若い女性に人気のファッションビルが提案する、新しいショッピングスタイルは「社会性」だ。服が生産される過程や、作り手の素顔に触れ、おしゃれに新要素を加える。発案したのは、入社まもない男性社員だ。(オルタナS副編集長=池田 真隆)
ルミネ大宮は5月20日から6月1日にかけて、全館を使って、エシカルキャンペーンを行う。エシカルとは、直訳すると「倫理的・道徳的」という意味を持つ形容詞だ。生産者と正当な雇用契約を結ぶフェアトレードやオーガニック素材を用いたブランドのことを、エシカルファッションブランドと呼ぶ。
キャンペーン期間中は、ルミネ大宮 ルミネ2の各階にエシカルファッションブランドのポップアップショップが立ち並ぶ。エシカルに耳慣れない人のために、「エシカルとは」を分かりやすく説明するパネル展やワークショップも行われる。
さらに、土日限定で、春夏レディースの下取りキャンペーンもあり、1アイテムに付き500円のショッピングチケットと交換できる。下取りしたアイテムは、NPOを通じて、途上国や東北支援に役立てられる。
ルミネとして、エシカルをテーマに催事を展開するのは初である。このキャンペーンを発案したのは、大宮店 営業部・フロアマスターの布施哲也氏(26)だ。布施氏は入社4年目の若手社員で、学生時代は、国際協力や環境問題について学んでいた。エコに関心があり、入社してからも環境系イベントに参加し、情報収集をしていた。
2013年10月、入社3年目の社員が研修の一環として、社長をはじめ経営層に改善点や新規事業を提案する機会に、布施氏は「エシカルプラン」を発表した。「大学で学んだことを、事業に生かしたかった」と言う。発表を聞いていた、大宮店の飯塚和則営業部長は、「時代の流れで、社会性に関心を持つ若者が増えていることは知っていた。会場にいた多くの人から賛同の声があがった」と話す。
しかし、布施氏は、入社以来営業部におり、キャンペーンのプロデュース経験は初だった。そこで、声をかけたのが、アッシュ・ペー・フランスだ。同社は、ファッションとデザインの合同展示会「ルームス」を主催している。ルームスで、エシカルエリアを取り仕切る坂口真生氏が協力し、クリエイティブから空間デザインまで手がけた。
坂口氏は、今回のキャンペーンのコンセプトを、「気付き」だと言う。「エシカルという言葉を知らない人でも、ショッピングを楽しむことで、商品の裏側のストーリーが分かることを狙った」。

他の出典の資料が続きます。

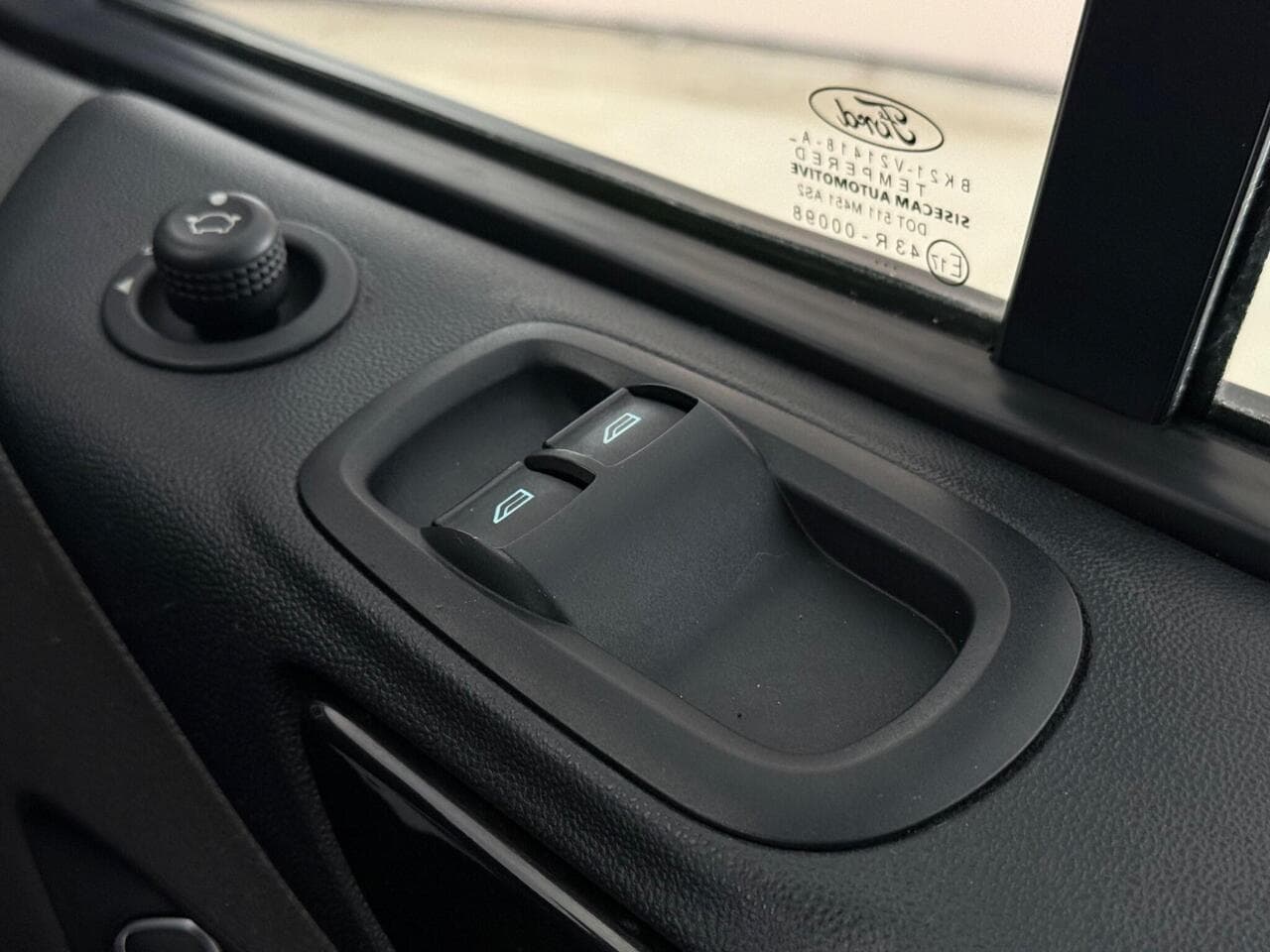 Ford Transit Custom thumbnail Misc Controls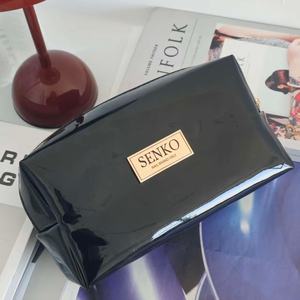 Sac de maquillage effet miroir argenté en cuir Pu noir sac de voyage portable plaque métallique 8 pouces - Product Image 2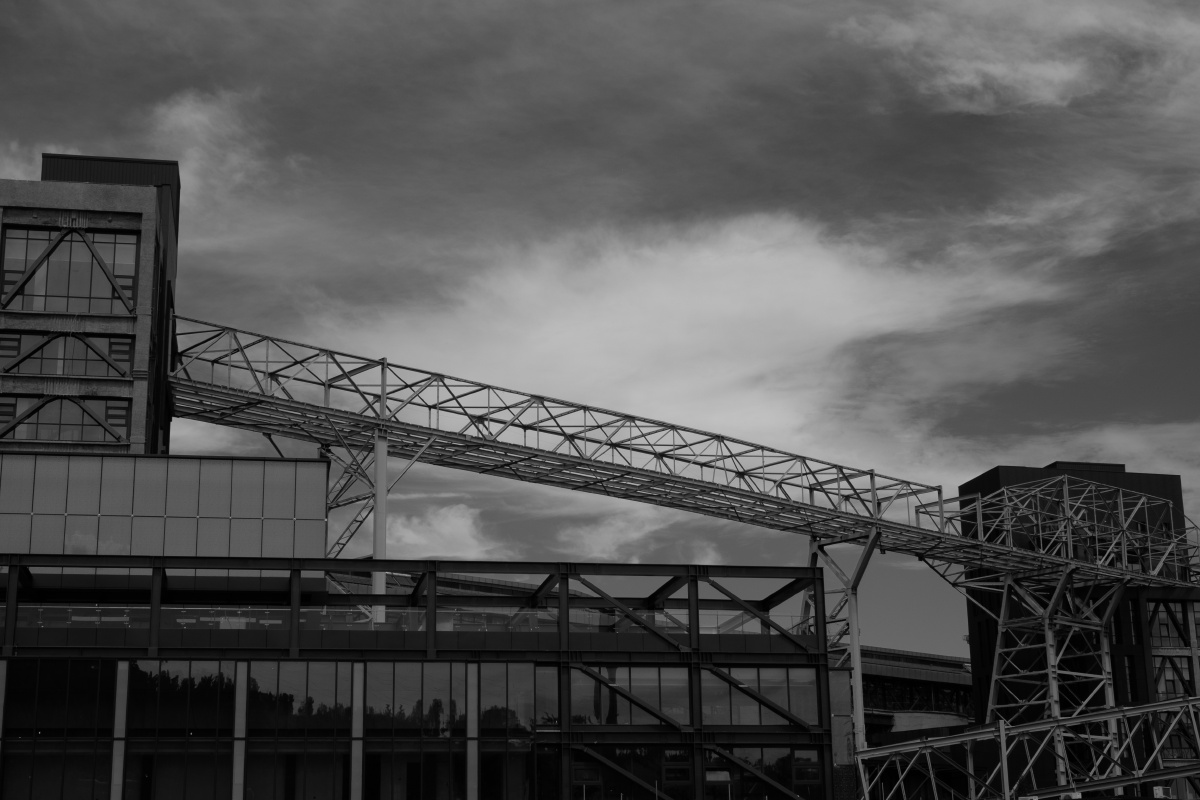 连接办公楼和料仓的空中输送通廊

ルミネ大宮には、平日8万人、休日13万人が訪れる。そのうちの大半が20~30代の女性だ。同店での反応しだいで、今後、エシカルが全社的に広がっていくことも考えられる。評価の指針は、特に設けていなく、「お客さまや接客しているスタッフの表情で判断する」(飯塚営業部長)とのことだ。